▶ [Data]
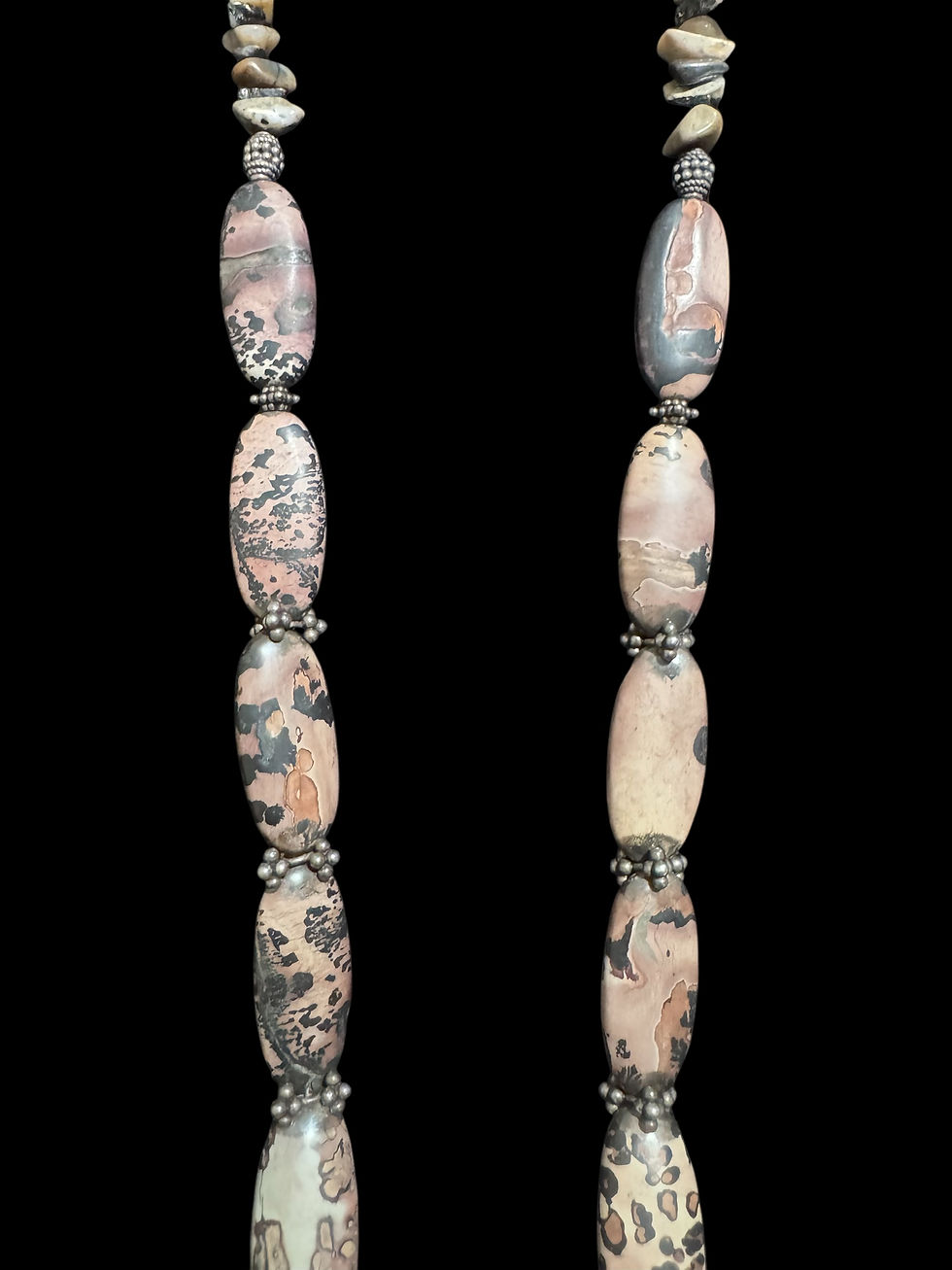 Thumbnail: bone mask & leopard jasper necklace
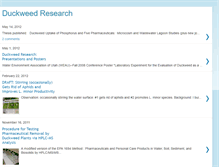Tablet Screenshot of duckweedresearch.blogspot.com
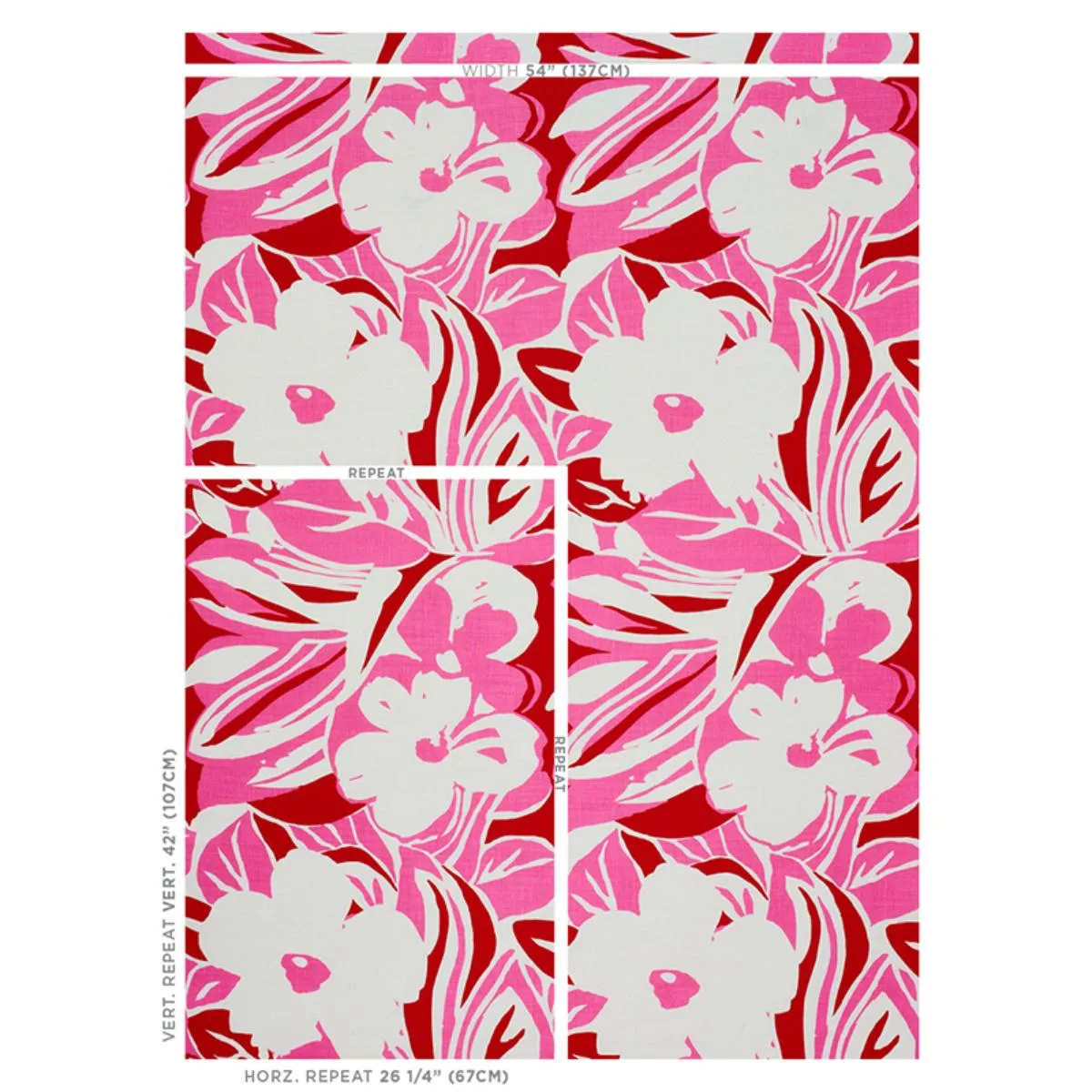 Schumacher 178861 Stevie Pink fabric swatch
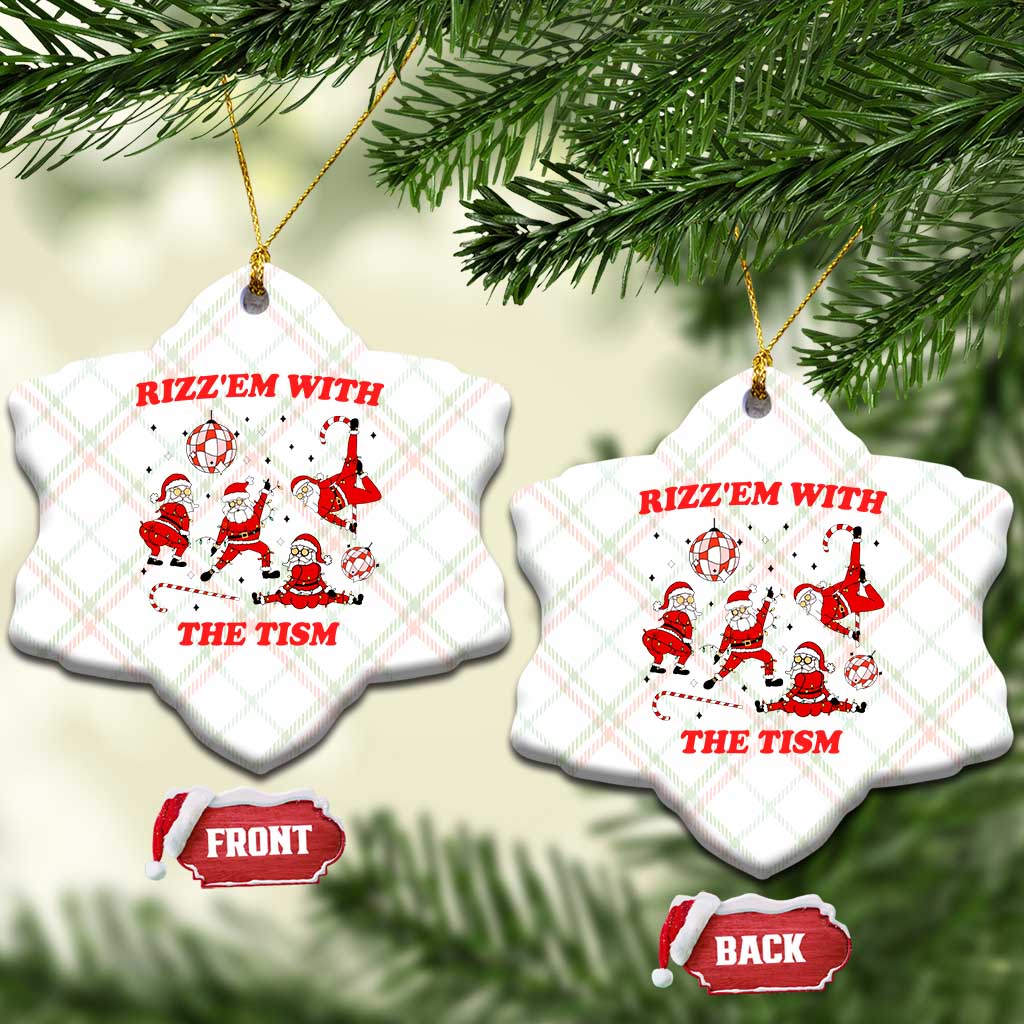 Funny Santa Xmas Ceramic Ornament Rizz Em With The Tism TS14 Print Your Wear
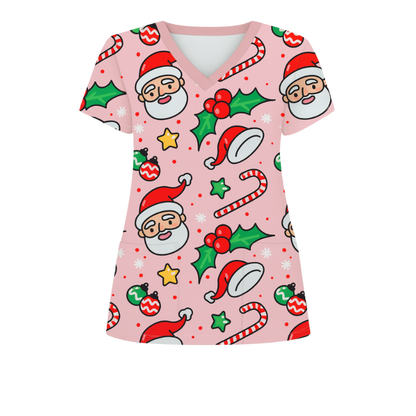 Christmas Scrub Top – Santa Claus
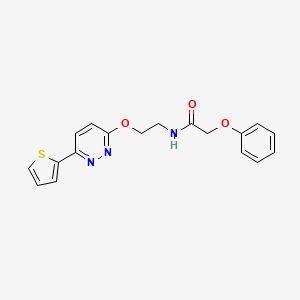 molecular formula C18H17N3O3S B2843568 2-phenoxy-N-(2-((6-(thiophen-2-yl)pyridazin-3-yl)oxy)ethyl)acetamide CAS No. 920359-41-7
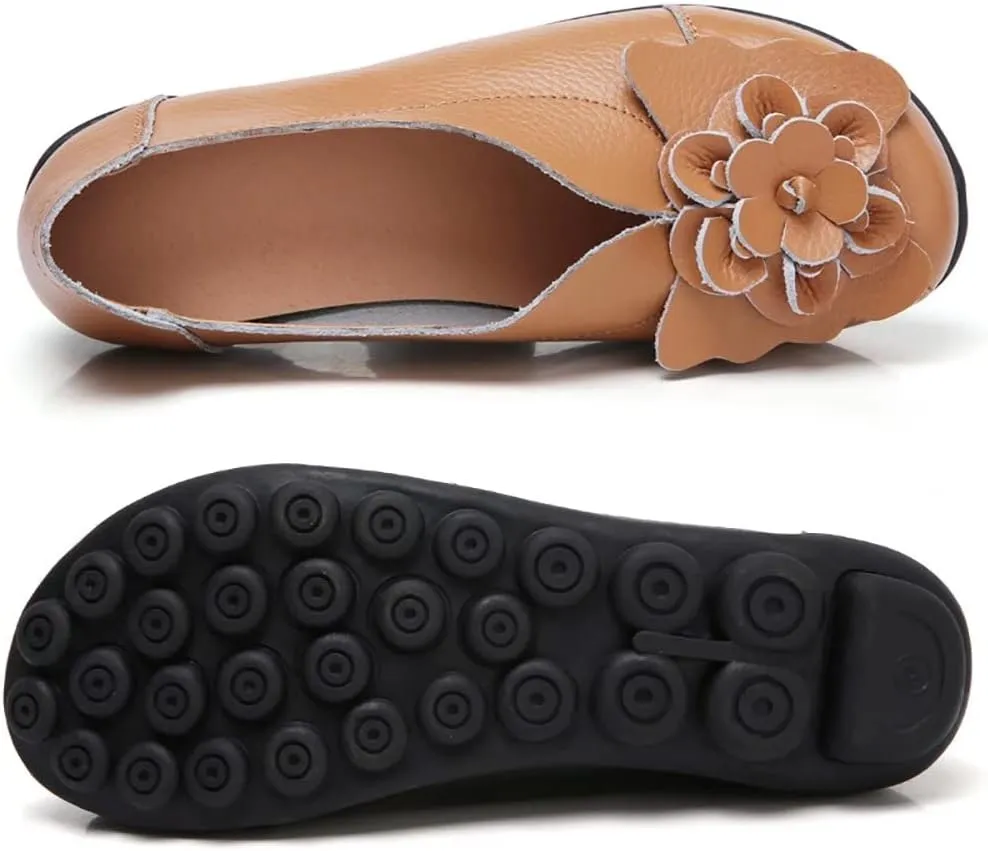WERWAES Casual Leather Loafers Shoes for Womens Slim Lightweight Soft Sole Flat Moccasins Shoes with Flowers Cowhide Round Toe Slip on Womens Loafer Indoor Outdoor Walking Womens Shoes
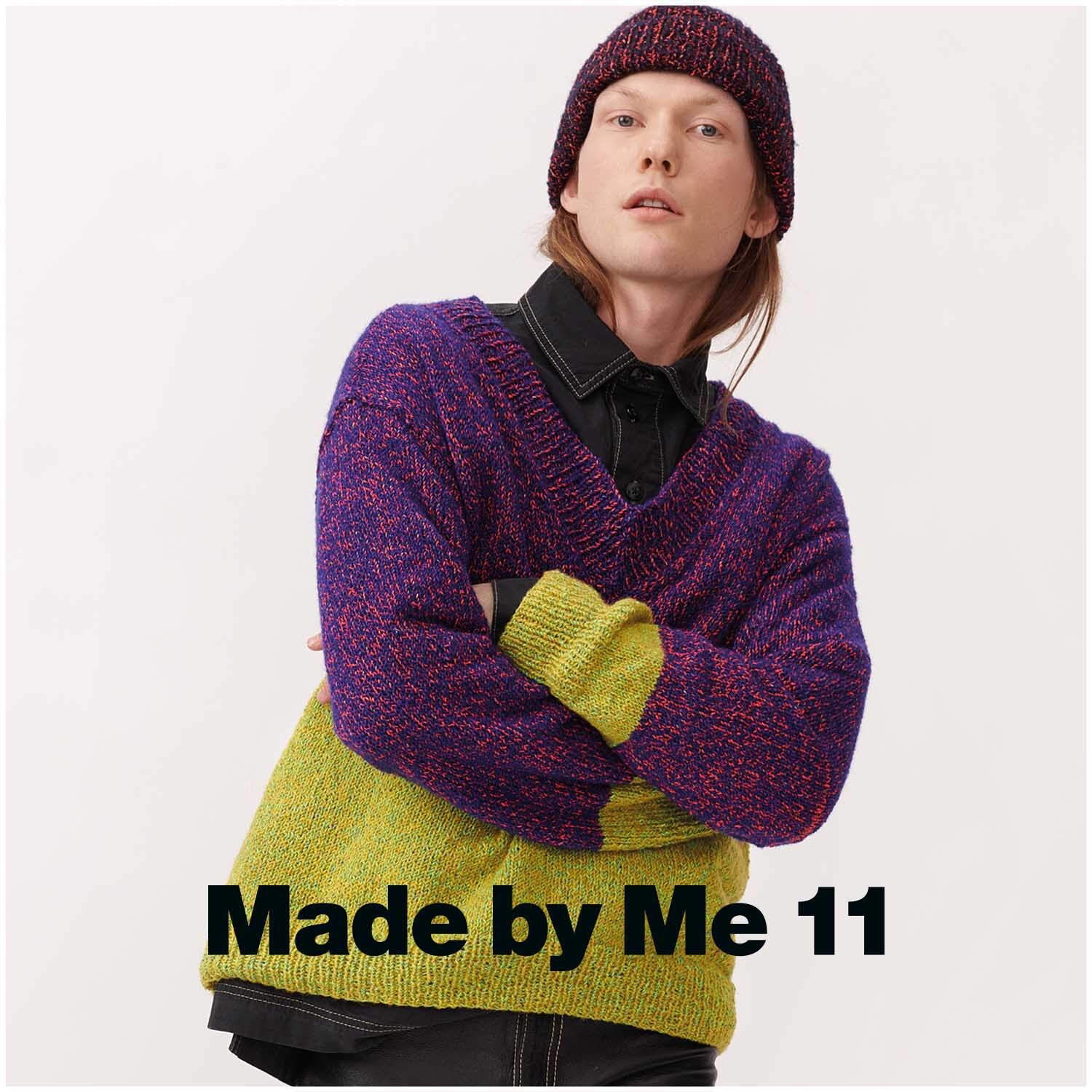 Fashion Fluorino dk: Person trägt einen farbenfrohen Pullover und Mütze, gestrickt aus Rico Design Garn.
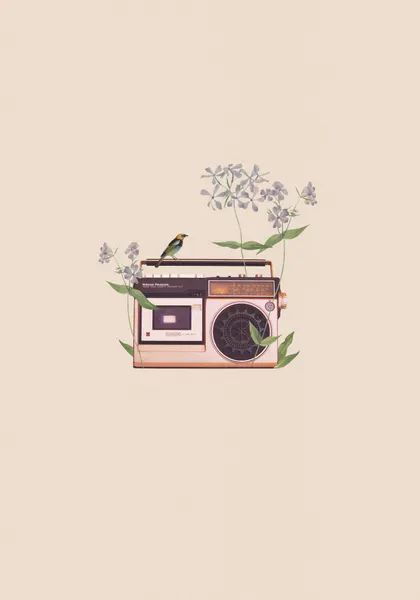 Boombox Bird Blossom by Frida Floral Studio
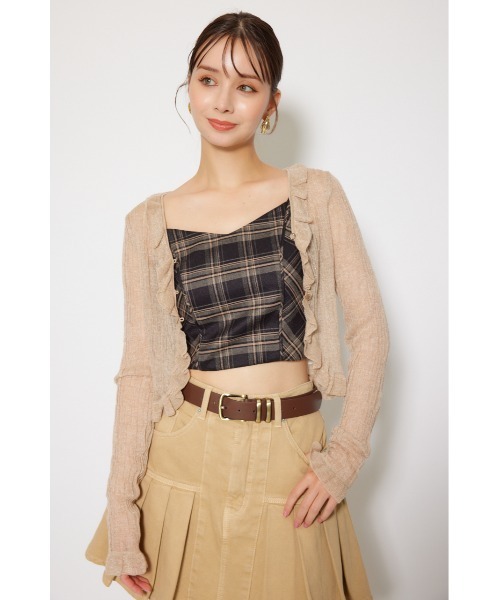 rienda（リエンダ）の「シアーフリルショートカーディガン 秋服 シアートップス（カーディガン/ボレロ・レディース・グレー/ベージュ/ピンク・FREE）」の11枚目の写真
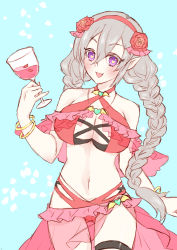 Rule 34 | 1girl, absurdres, bracelet, braid, breasts, brown hair, cup, demon girl, drinking glass, heart, heart-shaped pupils, highres, holding, holding cup, jewelry, large breasts, looking at viewer, ludmila (rune factory), official alternate costume, pointy ears, purple eyes, riu (riu0103), rune factory, rune factory 5, solo, swimsuit, symbol-shaped pupils, twin braids, wine glass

▶ [Exercise] Give back every entry verbatim. No pictures belong in the copy.

▶ [Final answer]
 Thumbnail: bone mask & leopard jasper necklace
Tablet Screenshot of duckweedresearch.blogspot.com
 Schumacher 178861 Stevie Pink fabric swatch
 Funny Santa Xmas Ceramic Ornament Rizz Em With The Tism TS14 Print Your Wear
 Christmas Scrub Top – Santa Claus
 molecular formula C18H17N3O3S B2843568 2-phenoxy-N-(2-((6-(thiophen-2-yl)pyridazin-3-yl)oxy)ethyl)acetamide CAS No. 920359-41-7
WERWAES Casual Leather Loafers Shoes for Womens Slim Lightweight Soft Sole Flat Moccasins Shoes with Flowers Cowhide Round Toe Slip on Womens Loafer Indoor Outdoor Walking Womens Shoes
 Fashion Fluorino dk: Person trägt einen farbenfrohen Pullover und Mütze, gestrickt aus Rico Design Garn.
 Boombox Bird Blossom by Frida Floral Studio
 rienda（リエンダ）の「シアーフリルショートカーディガン 秋服 シアートップス（カーディガン/ボレロ・レディース・グレー/ベージュ/ピンク・FREE）」の11枚目の写真
 Rule 34 | 1girl, absurdres, bracelet, braid, breasts, brown hair, cup, demon girl, drinking glass, heart, heart-shaped pupils, highres, holding, holding cup, jewelry, large breasts, looking at viewer, ludmila (rune factory), official alternate costume, pointy ears, purple eyes, riu (riu0103), rune factory, rune factory 5, solo, swimsuit, symbol-shaped pupils, twin braids, wine glass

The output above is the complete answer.